Linthkorrektion und Maag

Weesens Erscheinungsbild präsentierte sich vor der Linthkorrektion (1807–1823) anders: Der Walenseespiegel lag ca. 5 Meter höher und bedeckte weite Teile der heutigen Promenade. Der See entwässerte in die Maag; diese traf bei Ziegelbrücke auf die Linth, die in vielen Windungen vom Glarnerland in den Obersee floss. Teile der Linthebene waren versumpft und oft kam es zu Überflutungen, auch in Weesen.

Aussicht vom Weesner Chapfenberg in Richtung Linthebene, Linthkanal und Glarnerland.

Während sich die Gewässersituation stark verändert hat, erweist sich das zugehörige Namengut als beständiger, teils seit vorrömischer Zeit. So lässt sich der Name der Maag – heute ein Bächli – vordergründig auf gallisch *Magā «die Grosse» (zu *magos «gross») zurückführen. Doch da wir uns auf der Linthebene befinden, wäre es nicht unplausibel, dass bei der Benennung auch ein keltisches Wort für «Feld, Ebene» (*magos-) hineingespielt haben könnte.

Der Name Maag erscheint ferner als Hinterglied von gallisch *Lindomagos bzw. *Lindomagā (weiblich) «Linth-Maag», dem aus Linth und Maag gespeisten Wasserlauf und Zürichsee-Zufluss. Auf einem römischen Fluchtäfelchen aus Kempraten finden wir eine unklare Ortsbezeichnung Lindomagus, die indirekt mit diesem Gewässer zusammenhängen kann.

An dieser Stelle ein kurzer Einschub: Wie wir gesehen haben, lässt sich die Linthmaag von *Lindomagos/*Lindomagā herleiten. Interessanterweise haben die Gallier anscheinend auch einen Abfluss des Zürichsees so genannt, er ist heute als Limmat bekannt.

Von der Jungsteinzeit übers Mittelalter bis heute

Die strategisch und verkehrstechnisch günstige Lage zog Menschen seit jeher an die Walensee-Mündung. Weesen war Brücken- und Hafenstandort an jener Transitroute, die von Zürich zu den Bündner Pässen und von dort weiter nach Süden führte.

Das heutige Parkhotel Schwert war bereits im 14. Jahrhundert ein Gasthof.
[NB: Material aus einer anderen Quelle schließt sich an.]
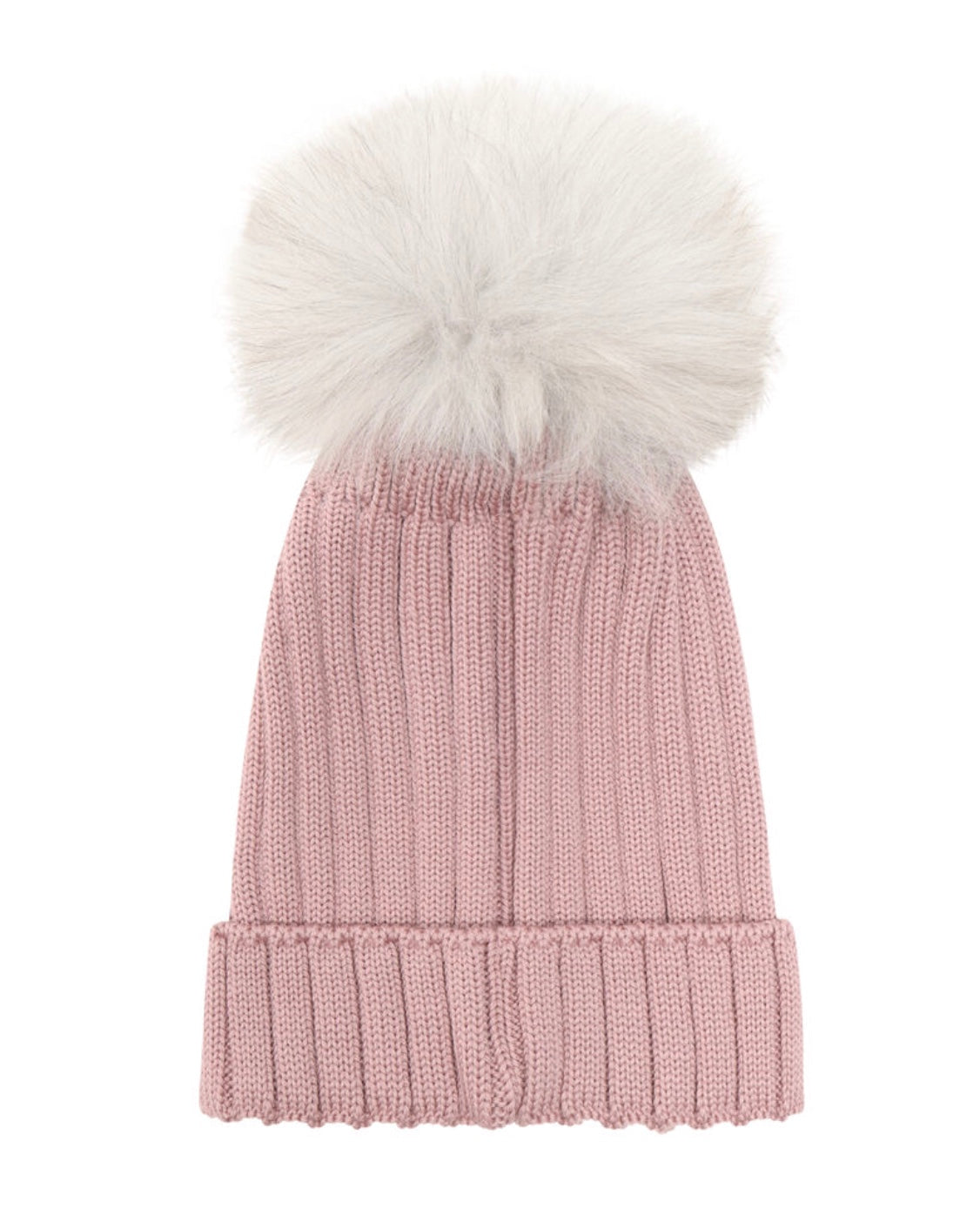 Lue Knit Alpaca Pompom Woodrose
Früheste Funde stammen aus der Jungsteinzeit, später errichteten die Römer ein Kastell (Rosengärten, 4. Jh. n. Chr.). Im Mittelalter wuchsen zwei Hofsiedlungen zu einem ummauerten Städtchen, das die Habsburger mit Privilegien ausstatteten. Doch am 9. April 1388 gipfelte der Konflikt zwischen Eidgenossen und Habsburgern dramatisch: Die Weesner brannten die eigene Stadt nieder, die Wüstung blieb bis ins 19. Jahrhundert fast unberührt – ein Glücksfall für die Archäologie, die in Alt-Weesen ein «mittelalterliches Pompeji der Ostschweiz» sieht.
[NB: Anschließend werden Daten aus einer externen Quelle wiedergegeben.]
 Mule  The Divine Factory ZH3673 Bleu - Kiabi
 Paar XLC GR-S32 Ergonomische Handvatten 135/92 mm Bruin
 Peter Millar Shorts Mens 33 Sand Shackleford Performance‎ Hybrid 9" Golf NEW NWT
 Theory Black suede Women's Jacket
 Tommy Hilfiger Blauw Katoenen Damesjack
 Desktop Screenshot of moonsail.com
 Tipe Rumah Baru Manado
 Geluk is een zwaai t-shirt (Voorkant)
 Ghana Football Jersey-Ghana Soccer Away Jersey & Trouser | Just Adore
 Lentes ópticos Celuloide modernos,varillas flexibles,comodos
Weesens Ortsname ist vom Mittelalter an bezeugt: 1232 (1225?) als Wesin, bald darauf als Wesen und vereinzelt als Guixna (1292). Ursprünglich lag eine althochdeutsche Ortsbezeichnung *zi wasin «beim Rasen, beim Sumpf» zugrunde. Das Wort waso bezeichnete ein feuchtes Stück Land und lebt auch im Begriff Wase(n) für «Rasen» (Schweiz, Österreich) weiter.

Erläuterungen

*: Eine unbezeugte, aber erschliessbare Form.
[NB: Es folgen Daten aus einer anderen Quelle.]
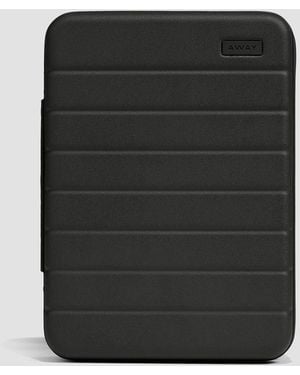 Away Travel Medium Checked Suitcase Tech Case - Black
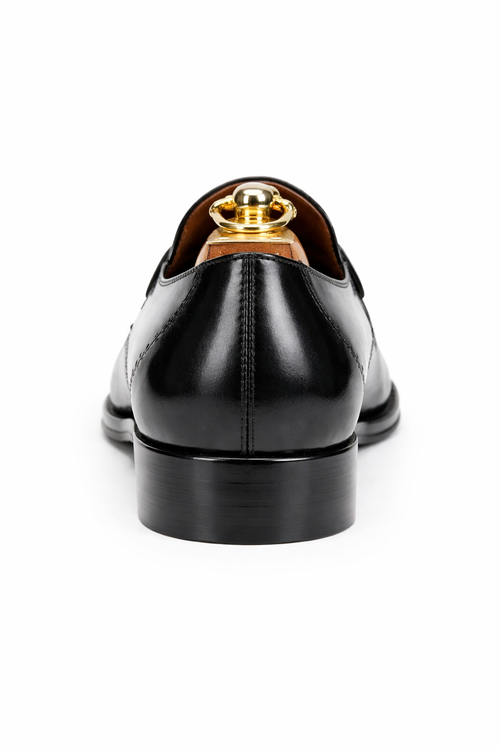 Mens Wholecut Two Tone Leather Wingtip Loafer Dress Shoes in Blue & Tan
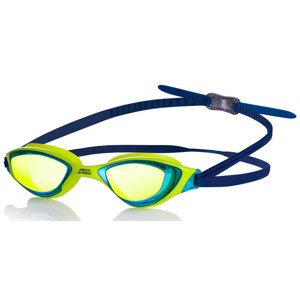 Plavecké brýle AQUA SPEED Xeno Mirror Yellow/Navy Blue/Gold Pattern 30 Velikost: L
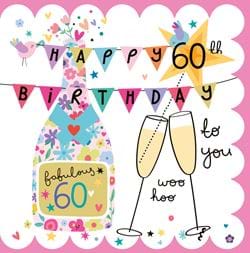 Fabulous 60th Birthday Card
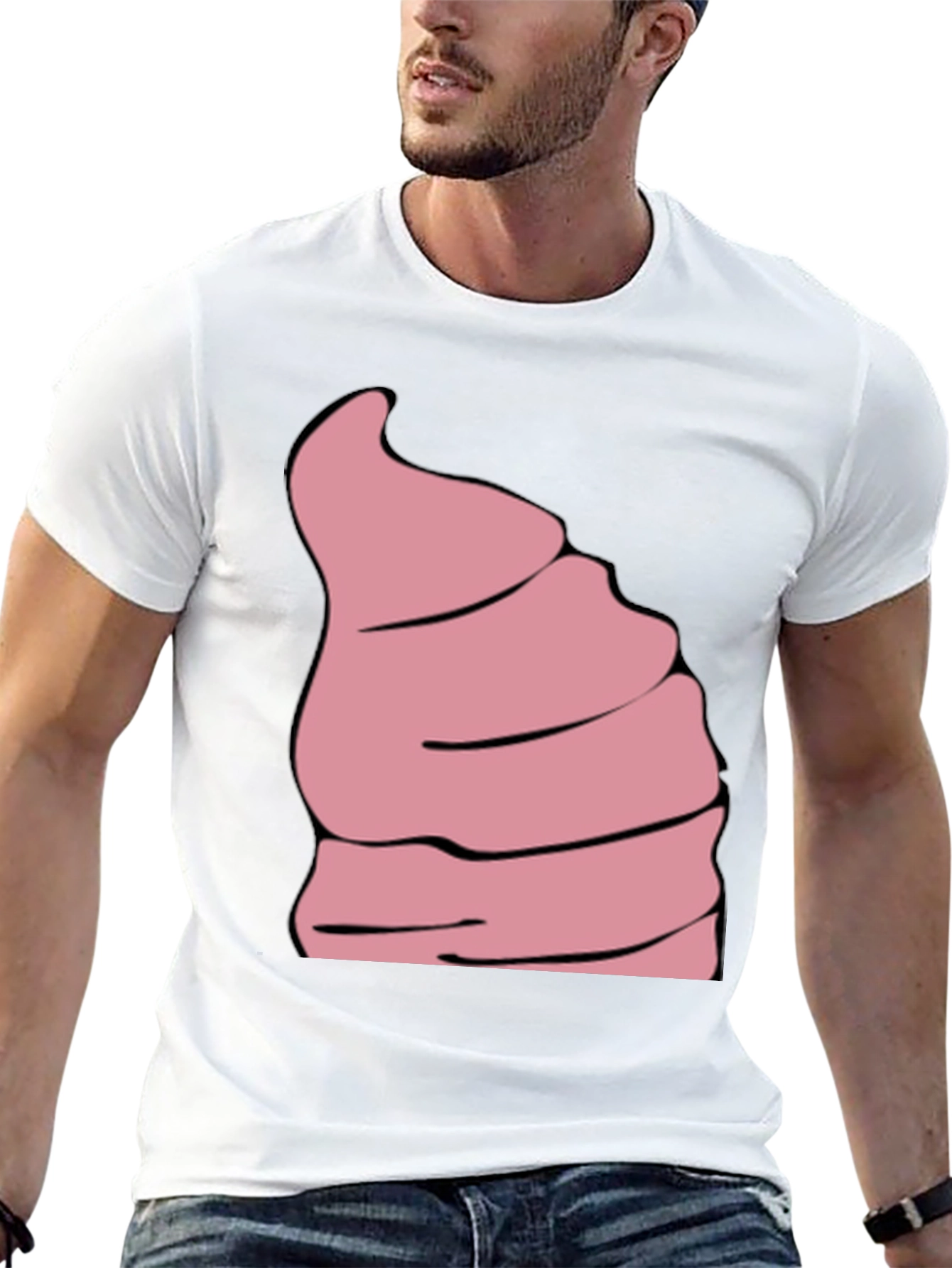 Funny Pink Ice Cream Swirl Graphic Tee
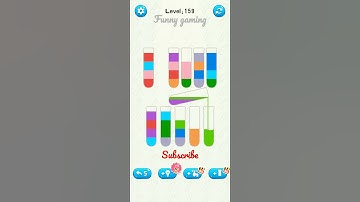 water sort jigsaw puzzle game level 159 #funnygaming #shorts #watergame #numpuz #jigsaw #puzzle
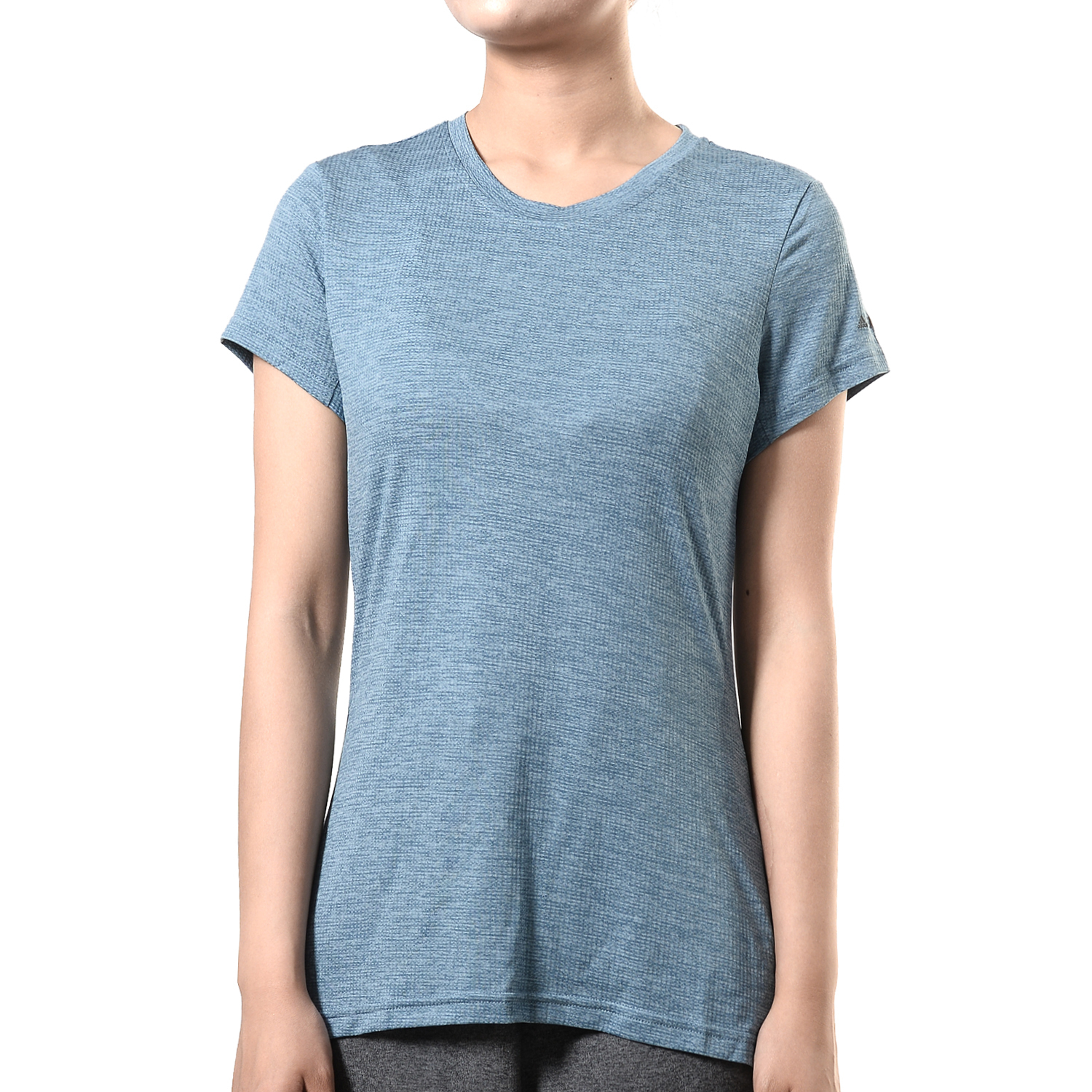 

Adidas Футболка женская синяя, Синий, Adidas Футболка женская синяя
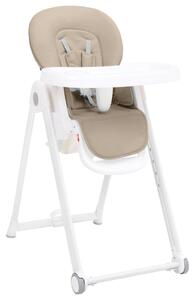 Wysokie krzesełko dla dziecka, beżowe, aluminiowe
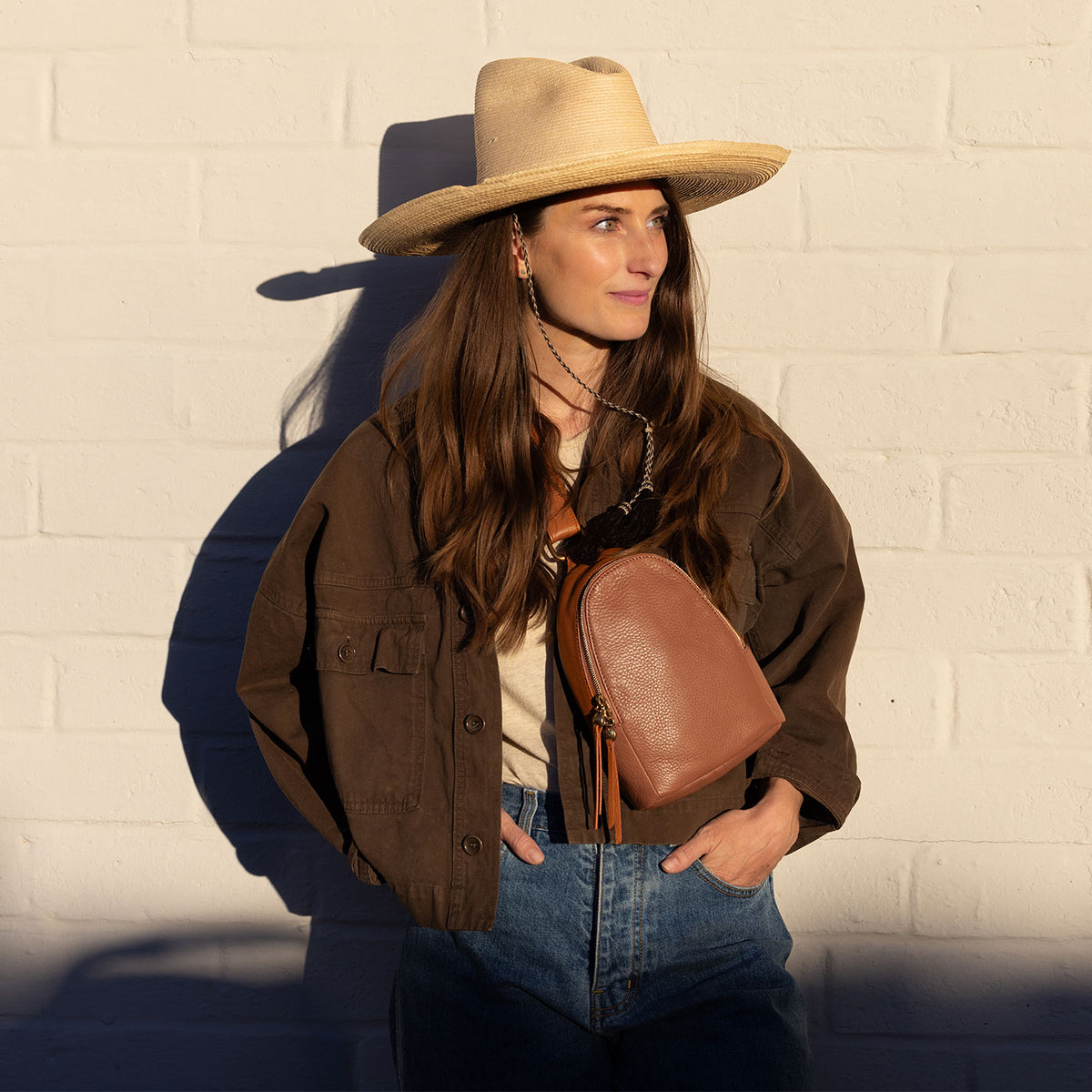 Hobo Bags “Fern” Sling - Warm Honey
Gallisch: Die Sprache der antiken Kelten in weiten Teilen der Schweiz und Frankreichs.

Althochdeutsch: Die Vorstufe der heutigen deutschen Sprache.

Ressourcen

ortsnamen.ch: https://www.ortsnamen.ch/

Historisches Lexikon der Schweiz (HLS): https://hls-dhs-dss.ch/

Digitales Wörterbuch der deutschen Sprache: https://www.dwds.de/

Delamarre, Xavier: Dictionnaire de la langue gauloise. Une approche linguistique du vieux-celtique continental. 2e édition revue et augmentée, Paris 2003: éditions errance.

Frei-Stolba, Regula/Koch, Pirmin/Lieb, Hans W.: Eine neue Fluchtafel aus Kempraten (Kt. St. Gallen / CH), in: Scholz, Markus/Horster, Marietta (Hrsg.): Lesen und Schreiben in den römischen Provinzen. Schriftliche Kommunikation im Alltagsleben, Mainz 2015: Verlag des Römisch-Germanischen Zentralmuseums, S. 113–122.

Greule, Albrecht: Deutsches Gewässernamenbuch. Etymologie der Gewässernamen und der dazugehörigen Gebiets-, Siedlungs- und Flurnamen. Unter Mitarbeit von Sabine Hackl-Rößler, Berlin/Boston 2014: Walter de Gruyter.

Schindler, Martin Peter: Das 1388 zerstörte Alt-Weesen. Eine archäologische Fundgrube, in: Mittelalter. Zeitschrift des Schweizerischen Burgenvereins 6, 2001, S. 19–25.